From 2014 to 2019, Jose Angel Aman and associates offered US and Canadian investors the opportunity to invest in the purchase of uncut diamonds. They allegedly cut and resold them at a markup.
The scheme organizers claimed that the deal was high-yield and safe — investments were backed by Aman’s diamond reserves worth $25 million. Interest was paid out of money contributed by new participants in the scheme.
When the cycle began to falter, Aman began seeking funds for Argyle Coin. He presented the project as a diamond-backed cryptocurrency asset. The funds invested in it were paid to early investors as interest.
“Using a Ponzi scheme, Aman and his co-conspirators raised more than $25 million from hundreds of investors.
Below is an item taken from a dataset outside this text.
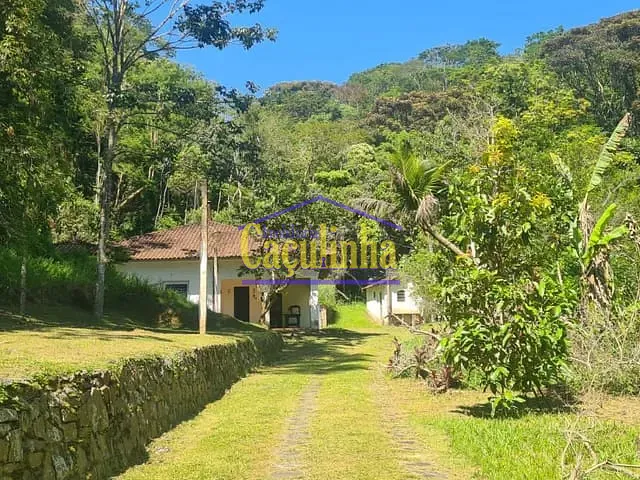 Sítio com 135000m², à venda, no bairro Cinco Lagos em Mendes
He used the money to pay interest, cover business expenses, pay commissions to partners, and maintain his own luxurious lifestyle,” the statement said.
In May 2019, the U.S. District Court for the Southern District of Florida granted the SEC’s request for a temporary restraining order and asset freeze against Aman and Argyle Coin.
Then the SEC said that the entities tied to Aman unlawfully siphoned off more than $10 million. The man leased a house, bought horses, and paid for horseback-riding lessons for his son.
In September, BitClub Network mining-pool organizer Joseph Frank Abel pleaded guilty to fraud totaling $722 million. He faces imprisonment and substantial fines for this crime and related tax fraud charges.